Yönetim yapısındaki değişikliğin ardından pandemi sürecini başarıyla atlatan Pierre Fabre Türkiye, grubun faaliyet gösterdiği ülkeler arasında en çok büyüyen ilk beş ülke arasına girmeyi başardı. Eric Ducournau bu başarının nedenlerini şöyle açıklıyor:

“Birinci neden kesinlikle takım çalışması, özellikle Türkiye’de. İkinci neden, rakip markalara kıyasla Türkiye’de yeni sayıldığımız için, bazı tüketiciler tarafından da yeni keşfedilmemiz… Ayrıca, tüm markalarımızda renovasyona gitme sürecine girmemizin de etkisi var. Yeni ürünlerle bu büyümenin devam edeceğini düşünüyorum. Çevre duyarlılığı yüksek yeni nesillere ulaşmayı hedefliyoruz. Onlardan önceki nesiller zaten ürünlerin kalitesini biliyorlar. Böylece, çok geniş bir yaş aralığındaki tüketiciye hitap
ediyoruz. Bu açıdan da, Türkiye geliştirmeye devam edebileceğimizi düşündüğümüz bir pazar.”

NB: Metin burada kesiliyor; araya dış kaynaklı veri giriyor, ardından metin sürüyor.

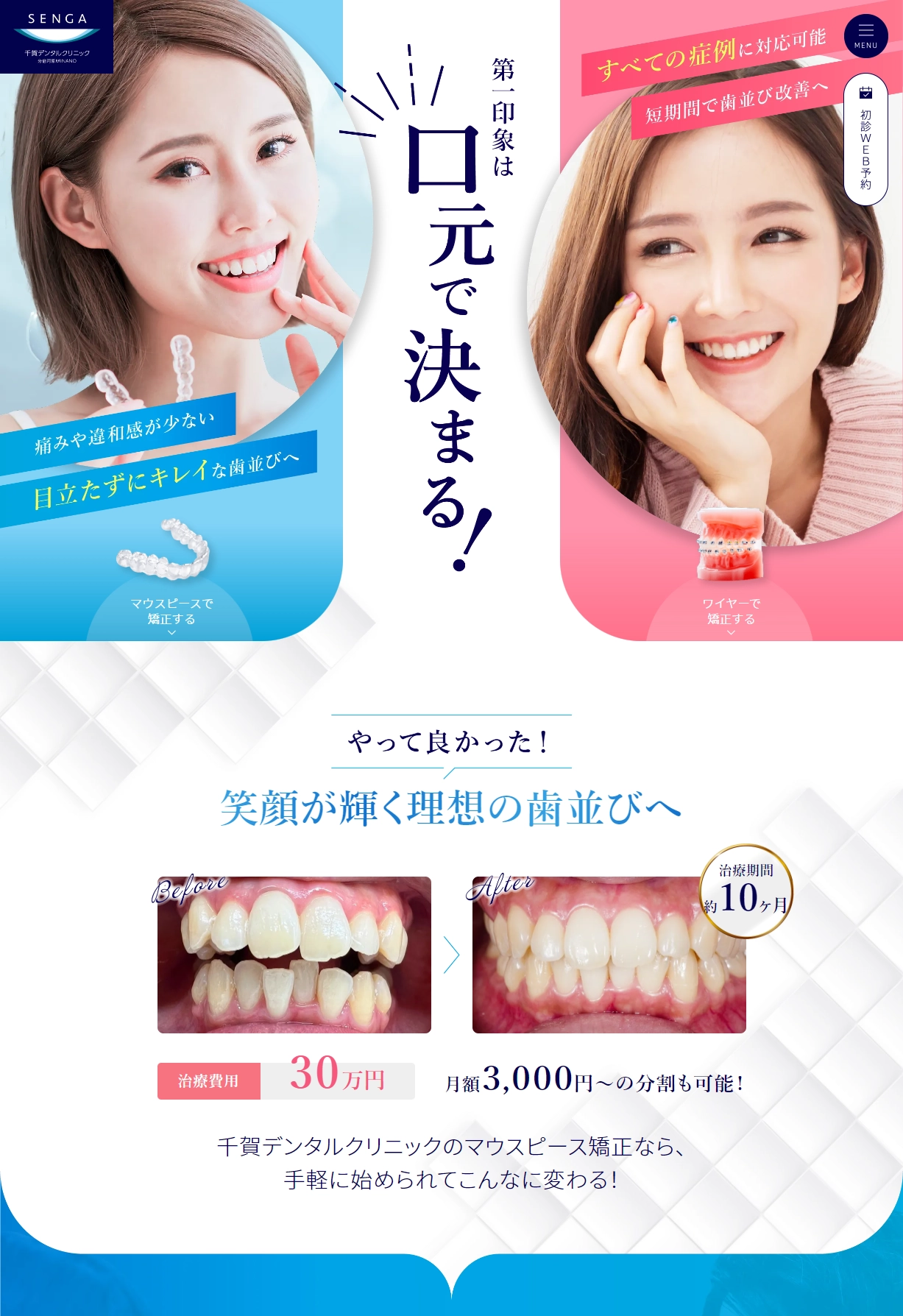 ランディングページサムネイル　矯正歯科・マウスピース矯正｜分倍河原の歯医者｜千賀デンタルクリニック分倍河原MINANO医院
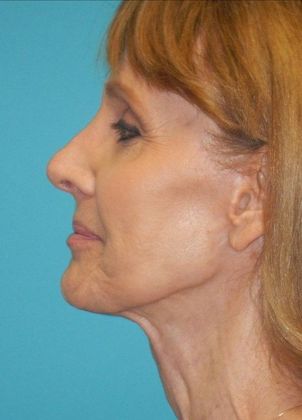 After Image: Mini Facelift: Case 11 - left-side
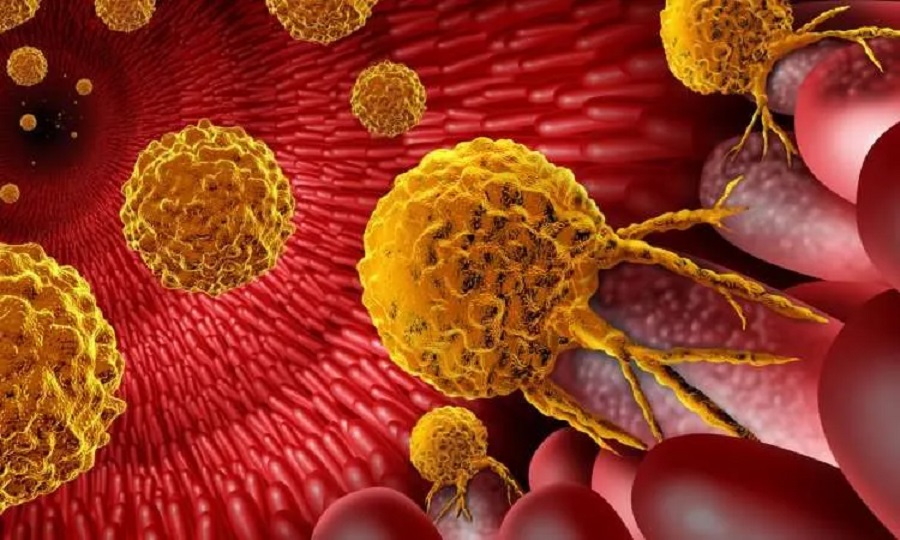 કેન્સરના કોષો જાતે જ થઈ શકે છે નષ્ટ! વૈજ્ઞાનિકોએ શોધી કાઢ્યું કે કીમોથેરાપી વિના કેવી રીતે થઈ શકે છે કેન્સરની સારવાર 2 cancer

Pierre Fabre Türkiye için hedeflerini, “İlaç portföyümüzü genişletmek, markamızı güçlendirmek, üretim için daha fazla ortaklık kurmak” olarak özetleyen Ducournau’ya göre, Türkiye pazarının diğer ülkelerden başlıca farkları; büyüme potansiyeli, çevre ve biyo- çeşitlilik konusundaki bilinç, Pierre Fabre için üretim yapan partnerlerin üretim tesislerinin kalitesi ve dijitalden sanayiye her alanda beraber çalışılan kişilerin çok iyi eğitimli olması.